UNLV team capsule

UNLV (24-9)

COACH: Lon Kruger, six years at UNLV, three years in NCAA Tournament

HOW THEY GOT IN: At-large bid

MATCHUP BREAKDOWN: First team to 50 wins? UNLV can play shut-down defense and allowed teams to shoot less 40 percent. Its first-round opponent, No. 9 Northern Iowa, lets teams make just 40.3 percent and ranks second national by allowing just 54.3 points per game. The biggest question for UNLV will be how to handle the Panthers’ starting senior frontcourt of Jordan Eglseder (7-0, 280) and Adam Koch (6-8, 255), who was the Missouri Valley Player of the Year. The Rebels’ guards will have to hound point guard Kwadzo Ahelegbe, who has slightly more turnovers (94) than assists (86).

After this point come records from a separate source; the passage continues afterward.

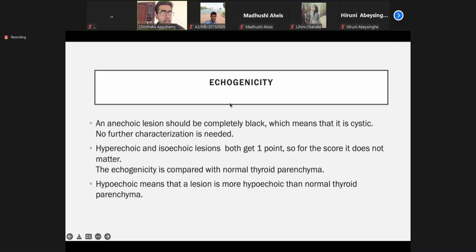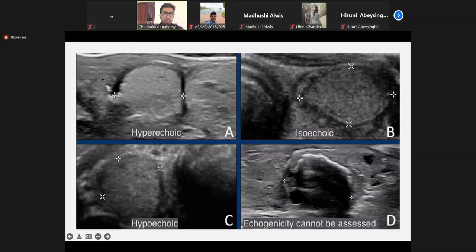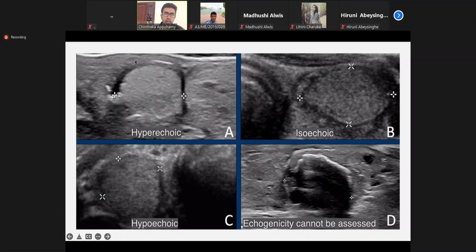Echogenicity is also important. These are nodule examples. These are the surrounding thyroid parenchyma. We always compare with the normal parenchyma. When the nodule is hyperechoic compared to the normal parenchyma — we call that hyperechoic. This one is equal in echogenicity — we call it isoechoic. This one is hypoechoic compared to the surrounding gland.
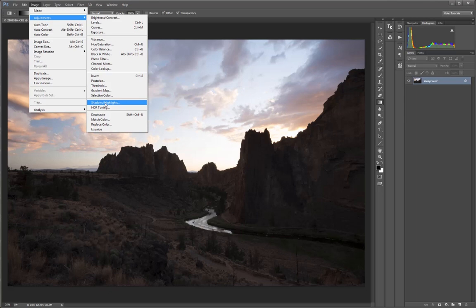The Shadows Highlights adjustment allows you to make adjustments to the dark and light tones in an image, while also maintaining some local contrast and enhancing detail in those areas. Even though Shadows Highlights is an adjustment, it behaves more like a filter in that it must be applied to a pixel-containing layer.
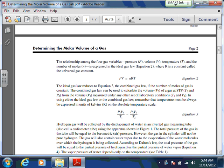Some of the equations you might need are PV equals nRT, and then the combined gas law: P1V1 over T1 equals P2V2 over T2.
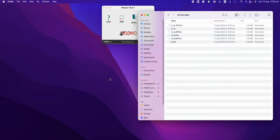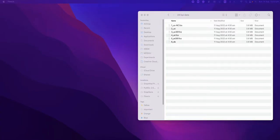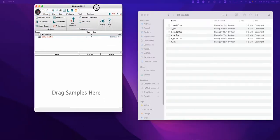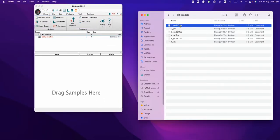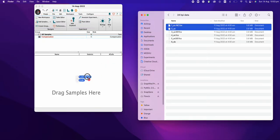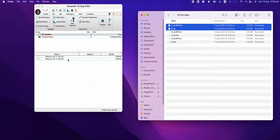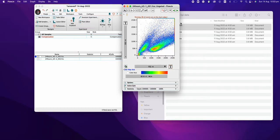How to analyze the effects data using FlowJo tool. I'll create a new workspace and then drag the sample which I would like to analyze — so for example these two — and I will now clean up my data.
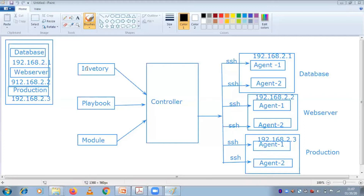If you want to communicate to the database server, or if you want to install some packages into the database server, before going to do that in the Ansible server itself, you have to configure the IP of that database. Whether it could be any server - if suppose there are a thousand - some hundred database, some hundred web servers, some hundred production servers, 100 staging servers - all these IPs should be in your inventory of this controller.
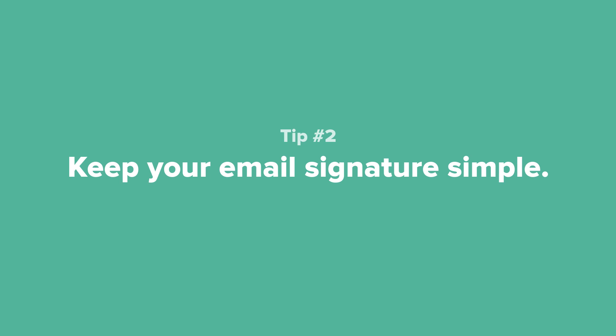Every email client is different and may treat images and HTML differently. Dubsado has no control over how each email client decides how to display your signature, so simple is the safest way to go.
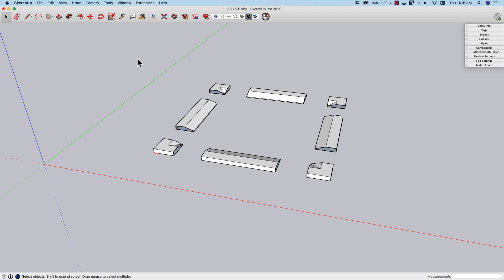Hey guys, this is Aaron. If you are ever working on nested components — that's a component inside a component — or something like a dynamic component,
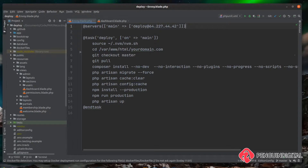Now we have our full deploy script up and running and we know it's working. We want to make this easier to maintain going forward, so having all of our commands in one task doesn't really give us much flexibility. For example, the front end build does take quite a few seconds and this is only going to get longer as your project grows, so if you've not made a change to the front end it seems pointless rebuilding the entire front end. It would be better if we could just build the back end or just build the front end as needed.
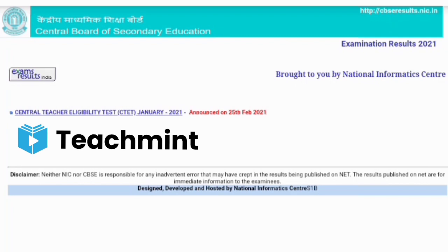Hello friends. This is a YouTube channel with job notifications. We will talk about CVC 10th class and we will talk about what your result declaration date will be. The most important thing is what your result date will be.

GO-TO GUYS: Junior guard Tre’Von Willis, who began his career at Memphis, is UNLV’s go-to scorer and best overall player. He is second to BYU’s Jimmer Fredette in scoring in the Mountain West, averaging 17.3 points, and he shot 85.6 percent from the free throw line, 48.4 percent from the field, averaging 3.4 assists and 3.9 rebounds. Willis had three games with at least 30 points this season. He also was selected to the MWC’s All-Defensive team, usually asked to shut down the opponent’s best backcourt scorer. "His game’s matured so much, his leadership ability has matured so much," said UNLV coach Lon Kruger. Sophomore point guard Oscar Bellfield has an enviable assist-to-turnover ratio (157 assists, 65 rebounds) and averages 9.2 points. Sophomore forward Chace Stanback (10.7 points per game) is a streaky scorer.

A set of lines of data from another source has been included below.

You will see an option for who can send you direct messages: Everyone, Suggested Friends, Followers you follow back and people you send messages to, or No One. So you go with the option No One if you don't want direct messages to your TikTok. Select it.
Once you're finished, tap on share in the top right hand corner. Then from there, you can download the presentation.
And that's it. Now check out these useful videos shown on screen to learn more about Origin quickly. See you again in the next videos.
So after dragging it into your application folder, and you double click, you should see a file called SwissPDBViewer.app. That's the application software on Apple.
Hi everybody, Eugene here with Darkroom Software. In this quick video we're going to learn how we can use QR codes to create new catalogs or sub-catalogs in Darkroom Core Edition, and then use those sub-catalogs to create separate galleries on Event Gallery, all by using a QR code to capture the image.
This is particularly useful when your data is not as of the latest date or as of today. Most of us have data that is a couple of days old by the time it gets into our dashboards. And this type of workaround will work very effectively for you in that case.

THEY’LL KEEP WINNING IF: They don’t come up against a team with a tall, active front line. That right there helps explains why UNLV lost its last two meetings against San Diego State, including in the Mountain West tournament championship, getting out-rebounded by a combined 20 boards in those two games. Brice Massamba, a 6-10, 240-pound sophomore, is the tallest player in the rotation, but he averages just 14 minutes. He fouled out in 18 minutes in the league title game, grabbing two rebounds and failing to score.

STRENGTHS: The Rebels have speed and quickness and a desire to really get after it on defense. With everybody healthy (which was not the case late in the season), UNLV typically plays 11 players, pressuring the ball and posting the best turnover margin in the Mountain West (plus-4.0 per game). Opponents are shooting just 39.8 percent. In a four-game winning streak to end the regular season, UNLV allowed an average of only 51 points. Colorado State shot 22 percent (11 of 50) during that stretch. Earlier in the season, Wyoming managed to make only 28.6 percent against the Rebels.

WEAKNESSES: Post player Matt Shaw returned during the conference tournament, but he missed five games because of an ankle injury and still has to shake off some rust. Starting guard Derrick Jasper, a transfer from Kentucky who started the first 21 games, has been sidelined since Jan. 26 because of knee injury. He has been practicing and appeared ready to return in the league tourney, although he was still held out. Getting something from either, or both, could be important in the NCAAs as the Rebels like to use a lot of bodies. UNLV doesn’t have a shot-blocker, but Shaw (6-8, 240) at least gives UNLV some bulk. Point guard Oscar Bellfield also has been battling knee pain and isn’t as explosive as he was early in the season.